Even before there was a national attention to environmental issues, the town of Weston was caring for its natural resources. In response to a 1966 Planning and Zoning Commission survey, the majority of town residents stated an appreciation for the town’s “rural character”.
Through the generosity of Katharine Ordway of Weston, an heir to the 3M fortune, starting in 1966 and continuing for the following two years, the entire 1,756 acres of land was donated to the Nature Conservancy. Formally known as the Lucius Pond Ordway Preserve in memory of her father, it is more colloquially known as Devil’s Den. This huge tract of land guaranteed that much or the northern portion of Weston would remain without buildings or human habitation.
Located primarily in Weston, Devil’s Den Preserves is the largest tract of protected land in densely developed Fairfield County. It is also of historical significance; archaeological evidence indicates human use of the area, mostly for hunting, as long as 5,000 years ago.
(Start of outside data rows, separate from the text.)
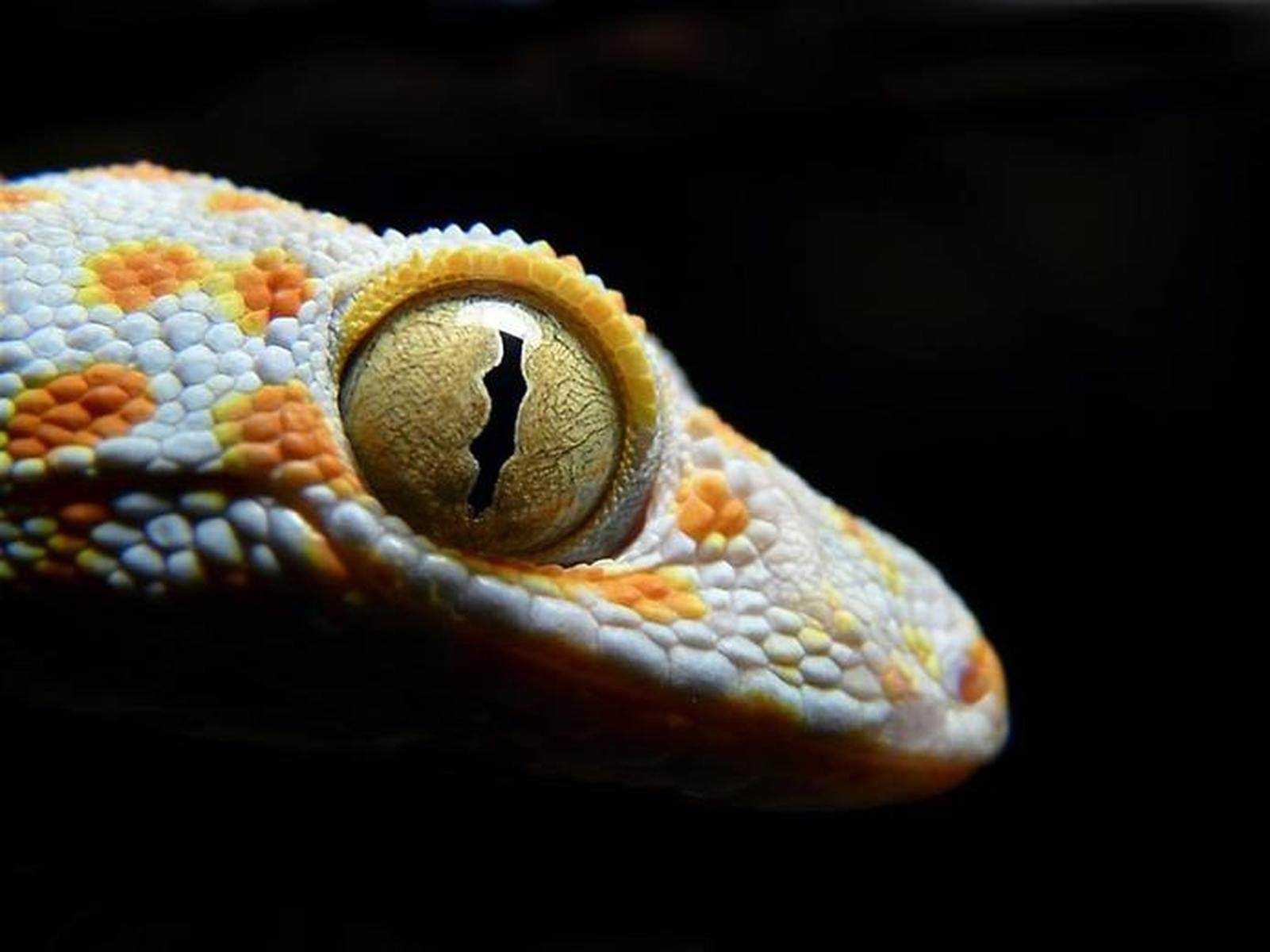 gecko_gecko_toki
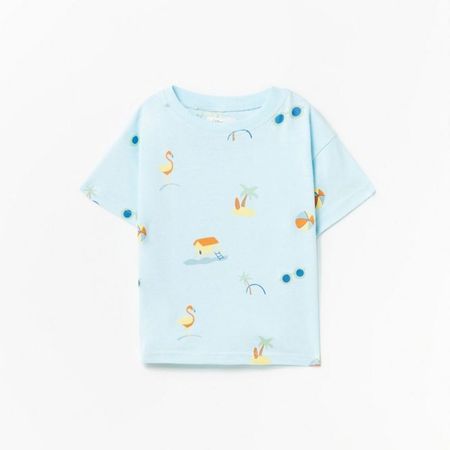 image-6a55c5fed10846db9c06a48b98acd5ed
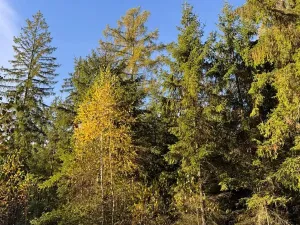 Prodej lesa, Havlovice, 13402 m2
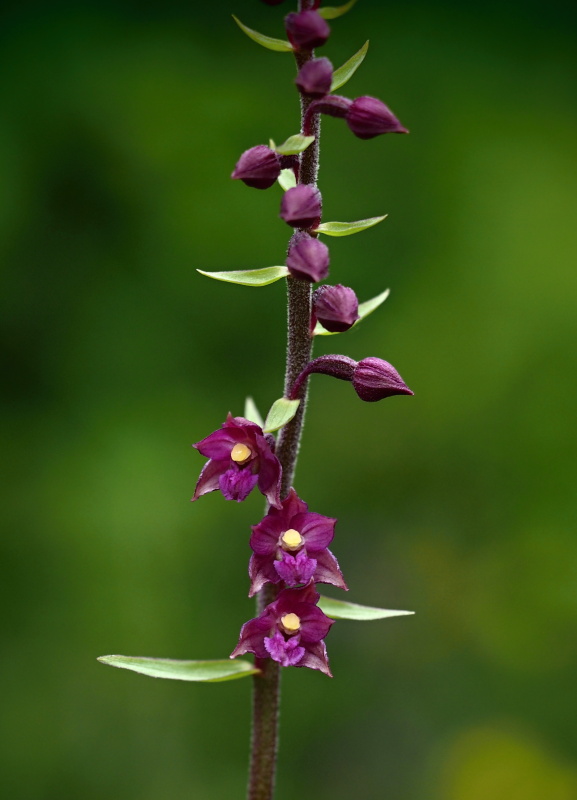 Kruštík tmavočervený (Epipactis atrorubens)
The remains of an up-and-down sawmill below Godfrey Pond testify to the importance of the lumbering that dovetailed with charcoal burning. The production of charcoal was an important commercial activity in the 1800s and marks dozens of sites. Local legend has it that it was so named by 19th century charcoal makers working in this hilly, rocky area who would say that a hoof-like mark in a particular boulder was the footprint of the devil.